What Is Big Data?
Big Data refers to the massive amounts of information we’re collecting. This includes but is not limited to metadata on every phone call and email, data on every user’s social media posts and online searches, and tracking of components from the factory to the end user. This fire-hose of information is growing at a staggering rate, and we’re building tools to mine it and make sense of it as quickly as possible.
Big Data is defined by three things: its volume, its velocity and its variety. The volume is hard to fathom, as we collect data on every online interaction, offline data storage, and store yet more data as we network more devices together than ever before. We’ve already described it as a fire-house, though the velocity cannot be underestimated. Modern computing barely keeps up with the volume of data we’re collecting, but we are analyzing it in real time or near-real time. We’ve touched on the variety of data being collected. Whether it is tracking every purchase made by a customer to monitoring every aspect of an assembly line, Big Data captures information in great detail on many more levels than we ever had before.
Half of the businesses surveyed say they are using big data, and of those, more than four-fifths say they’re satisfied with their Big Data programs. That is one reason why Big Data is the future for many industries.
How Companies Are Using Big Data
Some of the applications of Big Data are well known. Marketing is perhaps the best understood by the average person. Every search you enter, every website you select, and what you do on the website is recorded, analyzed and used to determine a better set of search results the next time someone enters those keywords. Data collected on your behavior on a website is used to better optimize the site, whether to increase sales or better service the customer in another way. Big Data allows businesses to implement multiple A/B tests and determine which combinations of ads, buttons, content and landing pages result in the highest conversion rates. Detailed analysis is leading companies to recognize secondary markets they didn’t know were buying their products, allowing them to market specifically to those markets and increase sales. Or they can see the demographic data on those customers and know that it is worth the effort to come up with a unique niche product. However, the greatest benefits are likely going to be seen offline.
Big Data and Manufacturing
Instead of waiting for five defective products to show up in a quality check, wasting hundreds of thousands of dollars of material, real-time data collection and analysis could show a machine sliding out of spec as it happens. Then you find the offending machine and recalibrate it when only a couple of items are barely within acceptable range. Real time tracking of production data could find bottlenecks in production so that they could be better addressed as quickly as possible. Or you’re able to see wasted capacity and minor bottlenecks that could be resolved, increasing productivity. When you’re dealing with standardized and streamlined assembly line operations, Big Data can lead to nearly full utilization.

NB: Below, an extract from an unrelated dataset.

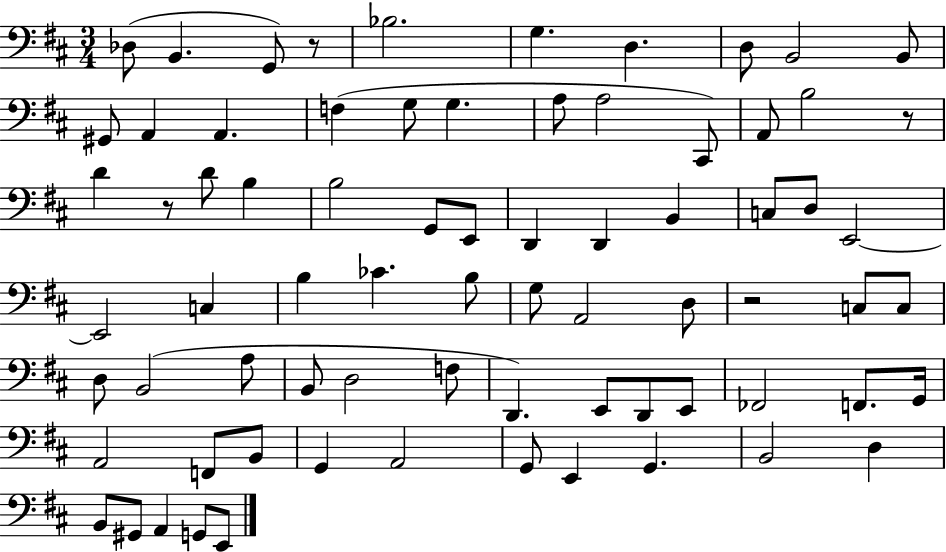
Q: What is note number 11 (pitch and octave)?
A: A2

Variable or organic products like biotechnology are complex to make. Big Data can allow businesses to collect data over many batches and between worksites so that they can determine what produces the best quality product at the lowest cost. Big Data analysis can eliminate much of the uncertainty of creating these products, since Big Data can gather and analyze data on hundreds of variables. These small lot products then benefit from optimization of their manufacturing processes. The end results for pharmaceutical firms have been ramping up production without affecting quality or needing to raise prices.
In general manufacturing, Big Data is allowing businesses to see all of the sources of variability in their operations. Addressing these tend to increase quality. They are able to analyze and process data, gaining insights into trends that affect performance of people and equipment. This can lead to innovative solutions to problems or improvements in operations.
By collecting and analyzing data, businesses can see anomalies when they arise and determine what action to take, if any, before serious issues arise. Whether that is potential fraud, a hack attack or bizarre equipment failure depends on what data is being collected. However, the value of such immediately intervention is often worth the cost of connecting everything to the Internet of Things. You can learn more at: https://www.iqsdirectory.com/resources/the-future-is-here-and-its-called-big-data/
Big Data is the heart of the Internet of Things, the massive web of networked sensors and connected devices. The hope here is that better monitoring of utility customers and power generators (including renewables) will prevent power outages or wasted energy. The hope of reducing power production to exactly what is needed and being able to handle the volatility of renewable energy sources as they are connected to the grid are justification for the IoT here.